Retype each line of the material exactly, please, skipping any picture in it.
══ Raw data ══
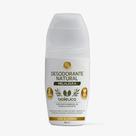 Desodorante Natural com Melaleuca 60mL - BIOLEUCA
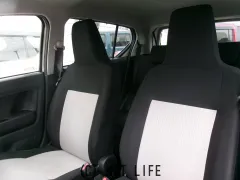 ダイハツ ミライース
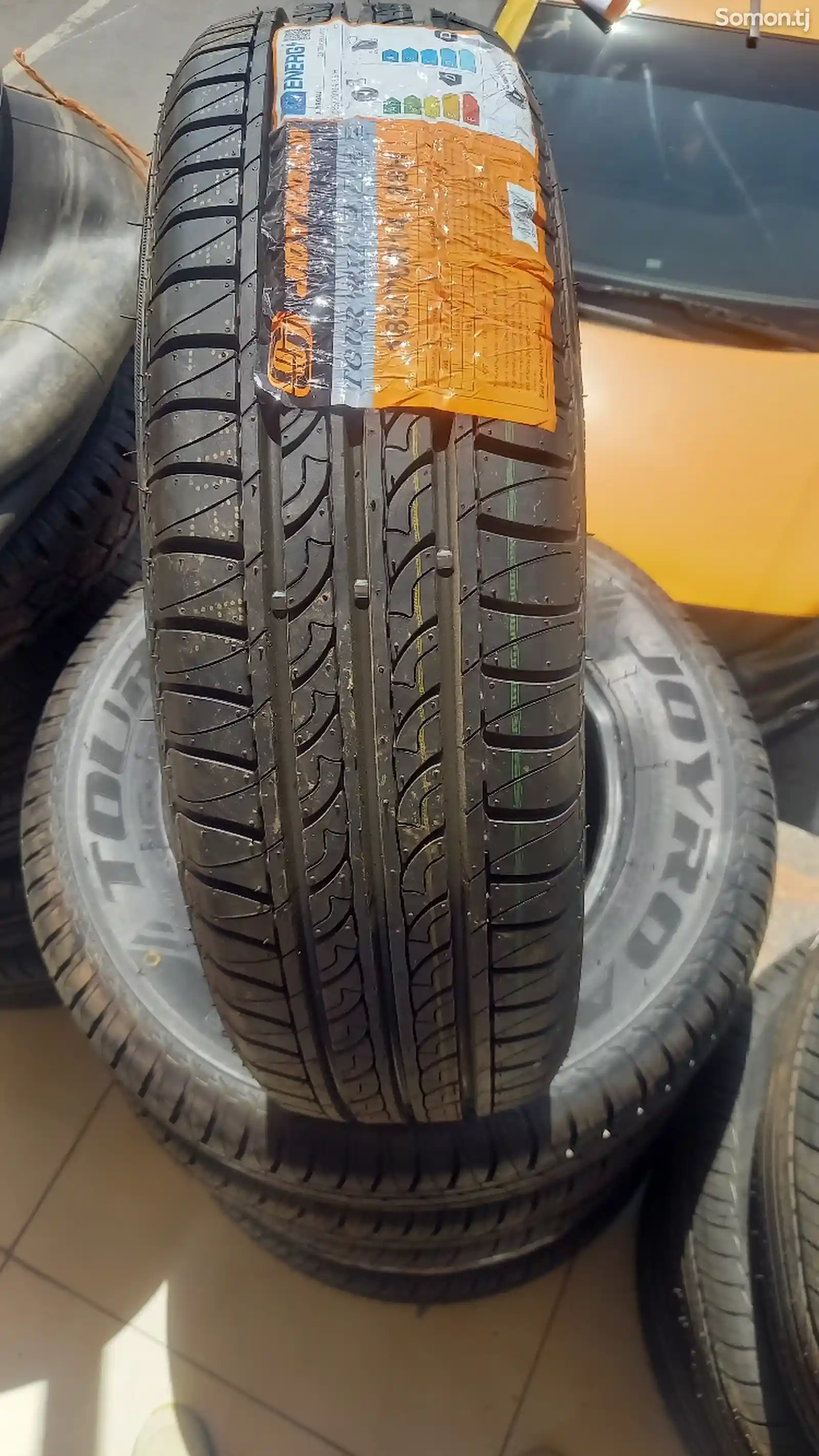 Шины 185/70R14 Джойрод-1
═══
◆ Written reply:
 Desodorante Natural com Melaleuca 60mL - BIOLEUCA
 ダイハツ ミライース
 Шины 185/70R14 Джойрод-1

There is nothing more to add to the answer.